The West Bank is a landlocked region. Ramallah, the de facto administrative capital of Palestine, is one of its major cities.
The Israeli Supreme Court upheld a long-standing expulsion order against eight Palestinian villages in the West Bank, possibly displacing at least 1,000 people. The demolition of eight small villages is in the area known to Palestinians as Masafer Yatta and to Israelis as the South Hebron Hills.
In the early 1980s, the Israeli military declared the area a firing and training zone. According to Israeli authorities, the residents there only utilized the region for seasonal agriculture and had no permanent structures there at the time. Security troops evacuated 700 residents and burned homes in November 1999. The legal fight started the following year.
What do the expelled families say? The families claim to have lived in the area for decades, dating back to before Israel took the West Bank in the 1967 conflict.
What are the settlements?
- The West Bank was captured by Jordan after the 1948 Arab-Israeli War.
- Israel reclaimed it during the 1967 Six-Day War and has occupied it ever since. Israel allowed Jewish people to settle there.
What was the Six-Day War 1967?
The Six-Day War was a brief but violent confrontation between Israel and the Arab governments of Egypt, Syria, and Jordan in June 1967.
Israel took Egypt’s Sinai Peninsula and Gaza Strip, Jordan’s West Bank and East Jerusalem, and Syria’s Golan Heights.
Even though Israel returned the Sinai Peninsula to Egypt in 1982 and withdrew from Gaza in 2005, the status of the Golan Heights and the West Bank remains a sticking point in Arab-Israeli peace talks.
- In the West Bank, Israel has constructed over 130 formal settlements.

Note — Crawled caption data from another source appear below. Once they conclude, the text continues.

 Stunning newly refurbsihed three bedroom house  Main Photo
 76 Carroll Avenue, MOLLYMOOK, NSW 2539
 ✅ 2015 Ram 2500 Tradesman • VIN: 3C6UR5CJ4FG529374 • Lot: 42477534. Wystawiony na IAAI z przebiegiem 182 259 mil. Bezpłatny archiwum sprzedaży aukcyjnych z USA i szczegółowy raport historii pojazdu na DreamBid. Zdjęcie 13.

- Over 4 lakh Israeli settlers and 26 lakh Palestinians presently live here.
- The region remains a source of dispute because of the significant number of Palestinians who reside there and wish to see it become part of their future state.

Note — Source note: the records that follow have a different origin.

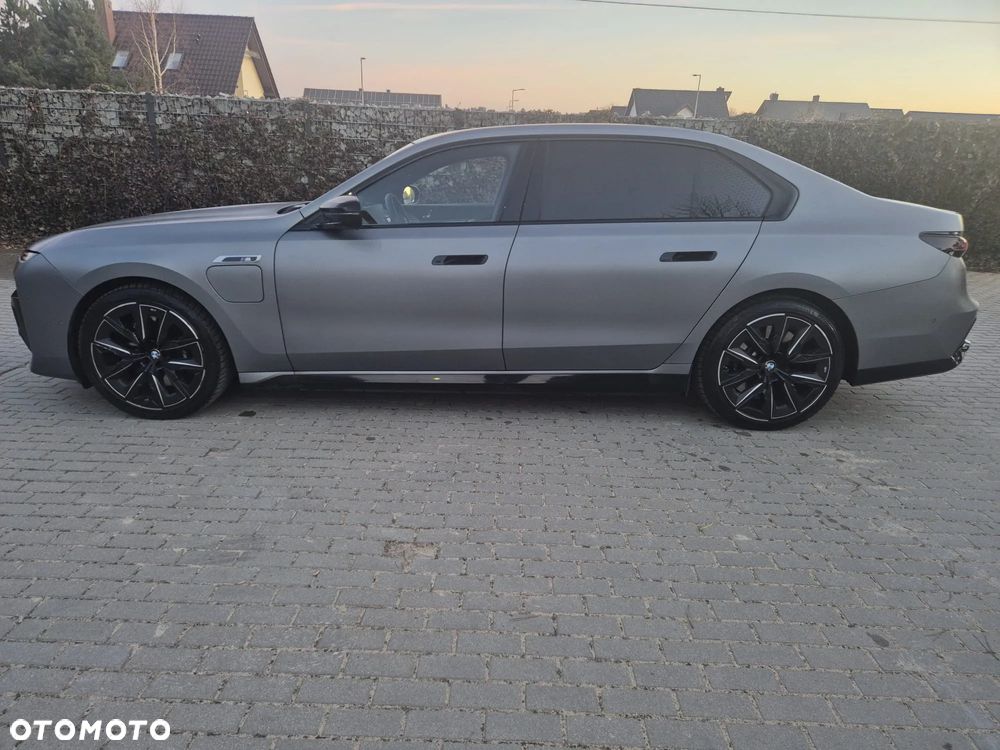 BMW Seria 7 M760e PHEV xDrive Individual Edition sport - 13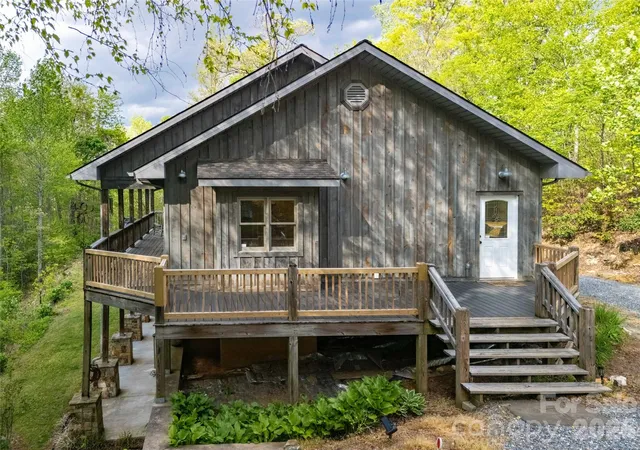 Photo 3 of Single family home for sale at 219 Sandalwood Dr, Whittier, NC 28789 | MLS# 4366931 | Listing updated on 2026-07-07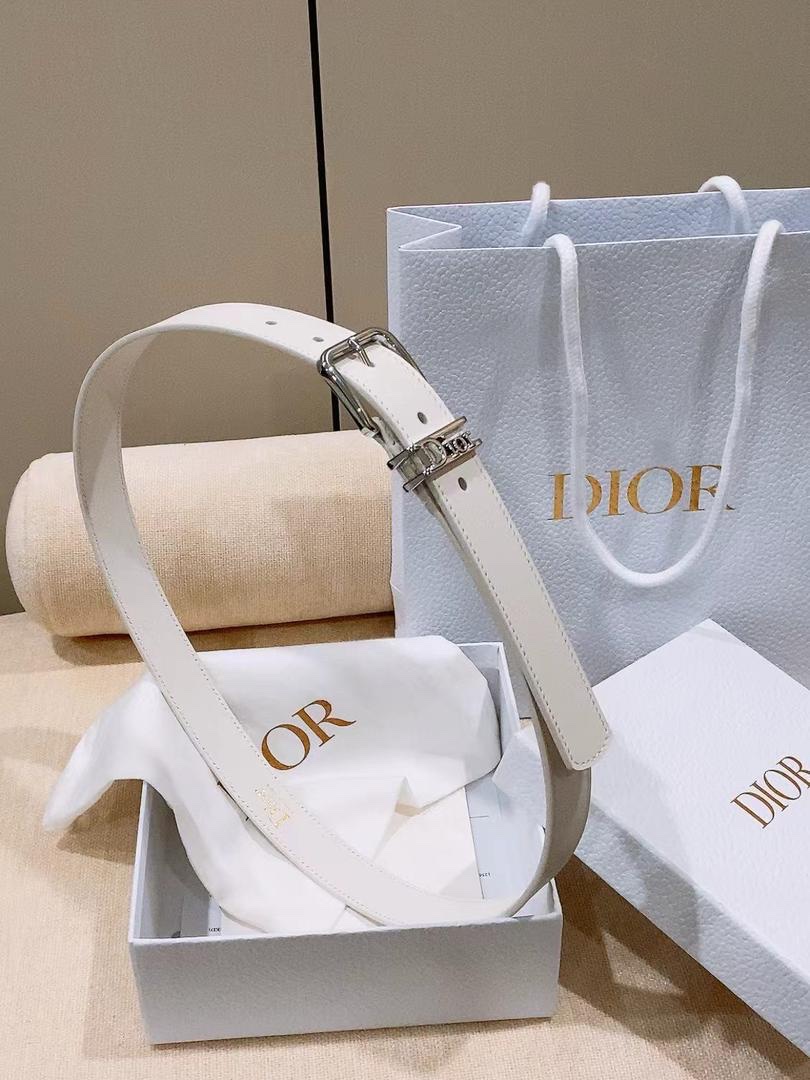 Dior Belts Feature A Signature "Dior" Metal Buckle - Image 6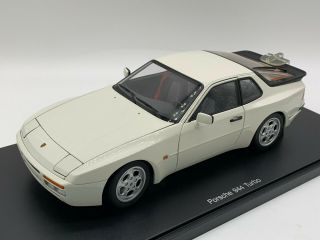 1:18 Autoart Millennium 1986 Porsche 944 Turbo Coupe In White 77958 Read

Are these settlements illegal?
- The United Nations and the International Court of Justice stated that the West Bank settlements violate the Fourth Geneva Convention.

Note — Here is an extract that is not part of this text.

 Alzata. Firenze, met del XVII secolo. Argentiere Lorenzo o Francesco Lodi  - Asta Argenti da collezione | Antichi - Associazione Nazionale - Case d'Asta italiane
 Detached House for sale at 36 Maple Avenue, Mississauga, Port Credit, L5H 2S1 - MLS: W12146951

- An occupying power, according to the Fourth Geneva Convention (1949), “shall not deport or transfer parts of its own civilian population into the territory it occupies.”
- According to the Rome Statute that set up the ICC, such transfers are war crimes, as is “extensive destruction and appropriation of property, not justified by military necessity and carried out unlawfully and wantonly.”